Still, for those who, for whatever reason, want to collect these two particular performances, this box is probably the best opportunity for that. The Toscanini has been released before, I believe, but I have not heard any prior versions. Who knows, maybe the sound has actually been cleaned up a bit here. If so, I certainly wouldn't want to hear the others.
Not recommended except for the very few who have their own reasons for purchasing the set.
One magnificent and one really great one
Erik Aleksander Moe | Oslo, Norway | 02/01/2007
(5 out of 5 stars)
"I read the review below before I bought this release. I chose to ignore it because I wanted a live recording with Gobbi in addition to a little better sounding restoration of the legendary '37 performance. As it turned out I haven't regretted the purchase. The '37 performance was in a little better sound and the great Gobbi sounded even better than on the great studio recording.

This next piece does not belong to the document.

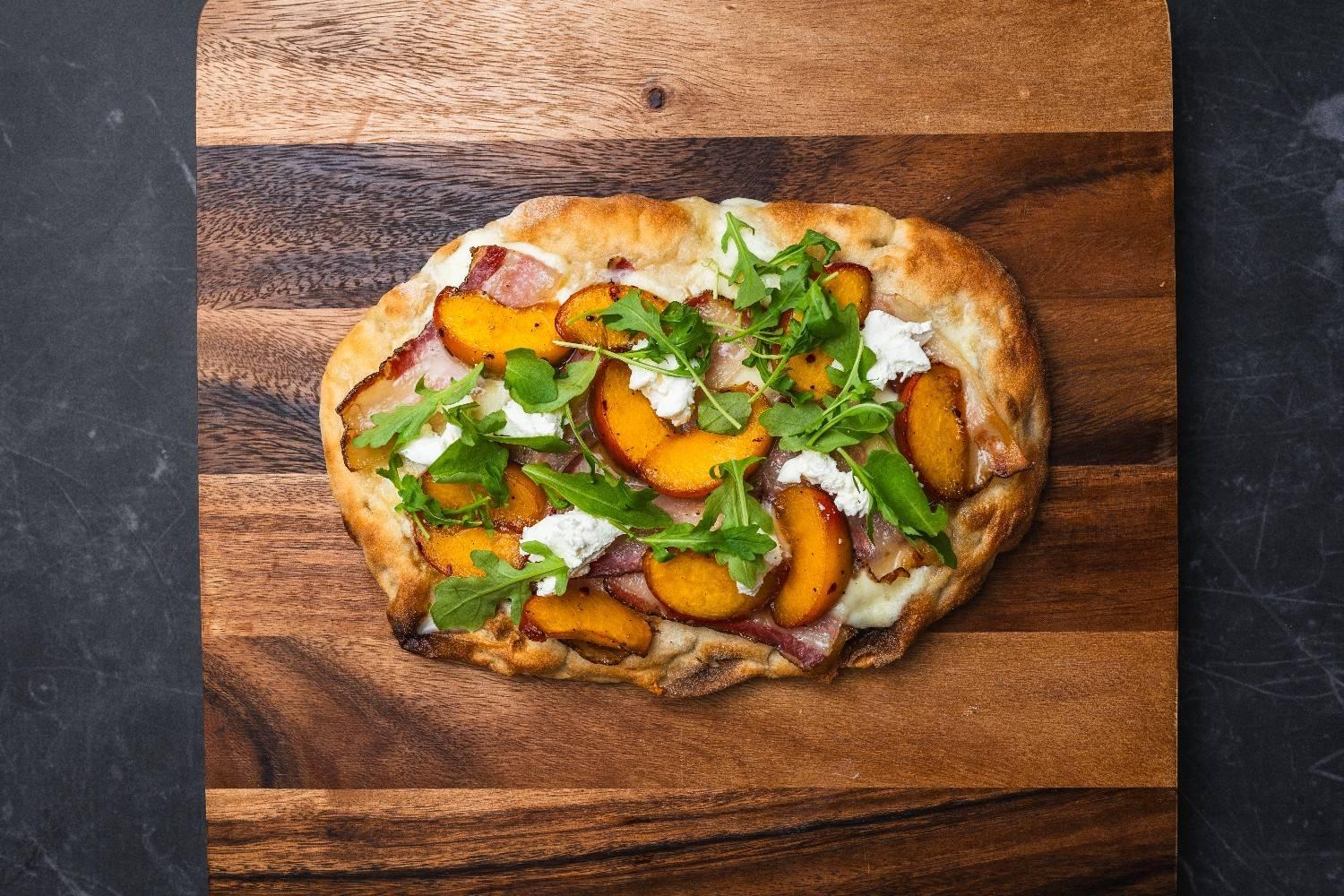 Pinsa z pancettą, ricottą i brzoskwiniami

The 1937 recording Stabile and Toscanini are the stars and it shows. Stabile's relish of the words and his perfect way of singing are so in tune with the character. I have always relished his performances and he is at his very best here. There are also two other recordings of his Falstaff, one with Serafin and one with de Sabata, on various labels but it is this one that we really get to hear him at his very best. This is helped by the conductor, Arturo Toscanini. Toscanini is IMHO the best Falstaff conductor of the 20th Century. He blends the great lyrical score and the comical libretto with such skill and apparent ease. His timings are always perfect and his tempi are never too slow or too fast. You can also hear the same mastery in his famous 1950 broadcast. All the other principals are also really great but they do take a backseat to the larger than life Stabile and Toscanini but are really great.
In terms of the sound. No miracles have been performed here, but it is definitely better than what I have earlier (I also have the Lyrica release). You can hear more of everything, but that also included more noise. The great Ward Marston has restored the recording and he has once again proved to be one of the two great greatest restoration artists in the world (Mark Obert-Thorn being the other)

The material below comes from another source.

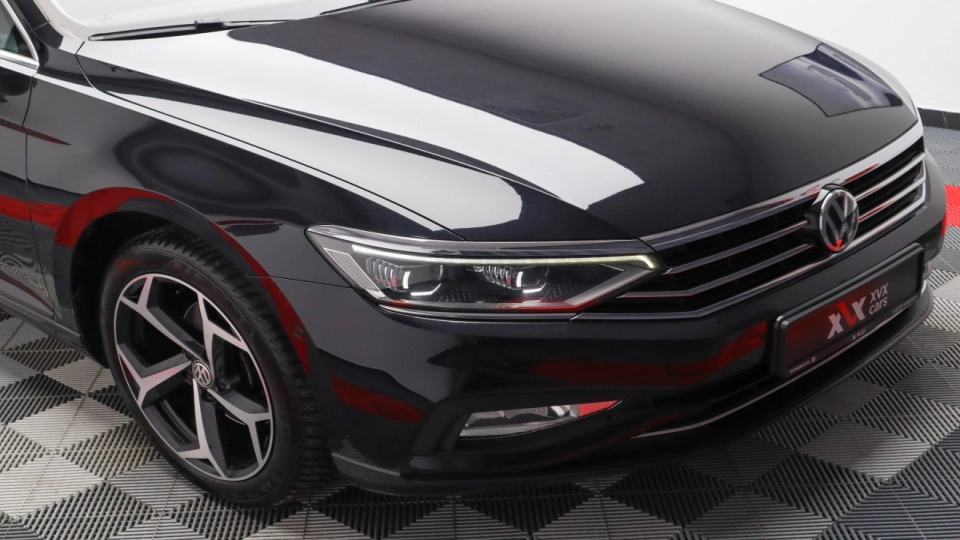 VW Passat Facelift 2.0 TDI DSG IQ Light Parktronic ACC VirtualCockpit - imaginea 7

In the other performance, from 1957, we have Tito Gobbi as Falstaff. I loved his performance of Falstaff in the famous studio recording. It is true that most of the cast members on that studio recording is also here. There are exceptions however, the most notable one being Giulietta Simionato as Mistress Quickly. The other difference is Anna Maria Canali as Mistress Page. Herbert von Karajan conducts this one and it is performance almost to the day 20 years after it's predecessor. Karajan cannot match Toscanini's mastery but he does a great job with it nonetheless. It has the same excellence as the studio recording made the year before but bit more lively and more involved, especially from Schwarzkopf. Simionato is a gem as Quickly with her great range and magnificent voice.
The sound here is not bad and considering the sound quality of the '62 Trovatore, also done in Salzburg, is the sound perfectly acceptable.
So to conclude I have to recommend this one especially to those who is interested in historical recording, but also those that are curious about how this opera was done live in the past."